Assignment
Each line from the one containing "Used 2016 Chevrolet" to the end of the data must be copied exactly, the first and last included; no other lines and no pictures belong in the copy.

(Scraped caption text data)

-------

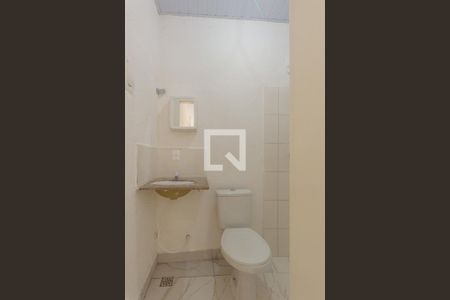 Banheiro de kitnet/studio para alugar com 1 quarto, 45m² em Jardim Campos Eliseos, Campinas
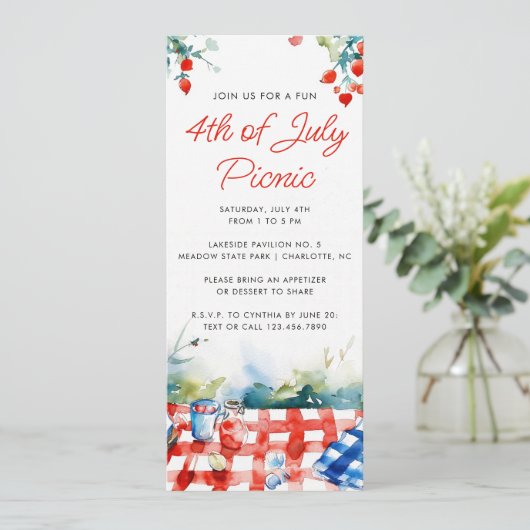 Red White Blue 4. Juli Summer Picnic Einladung (Stehend Vorderseite)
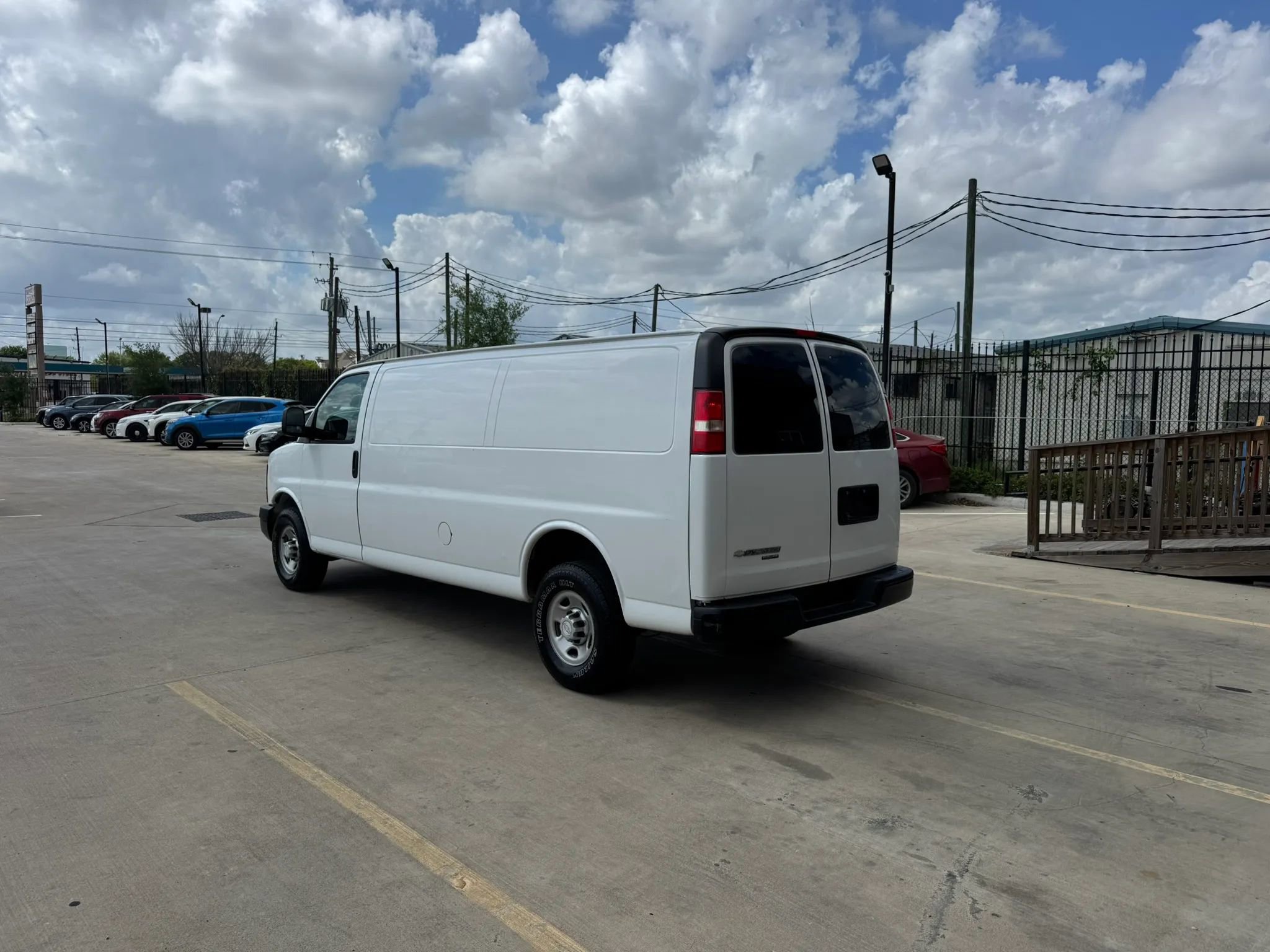 Used 2016 Chevrolet Express 3500 Extended image 4
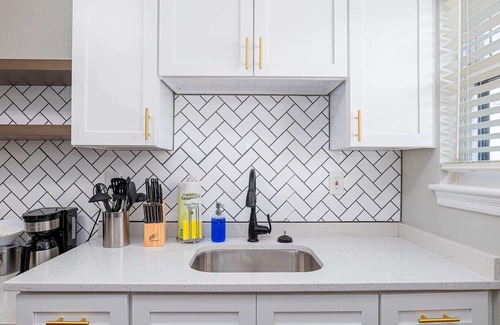 Cottage Line Apartment | The Tide Suite / Direct Beach Access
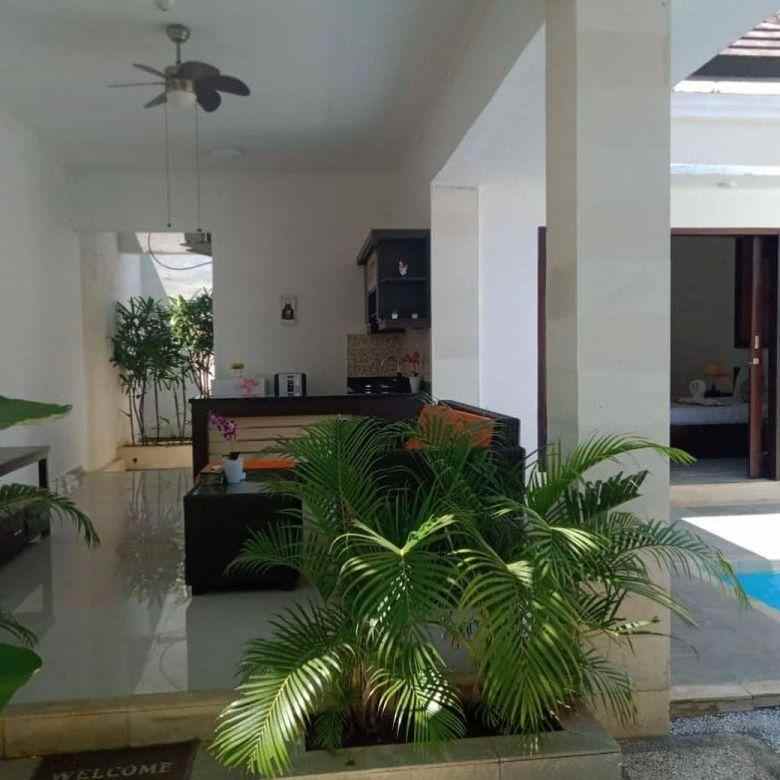 Villa Eksotik Fully Furnished Lokasi Dekat Pantai Lovina Bali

-------

Answer to the exercise
 Used 2016 Chevrolet Express 3500 Extended image 4
 Cottage Line Apartment | The Tide Suite / Direct Beach Access
 Villa Eksotik Fully Furnished Lokasi Dekat Pantai Lovina Bali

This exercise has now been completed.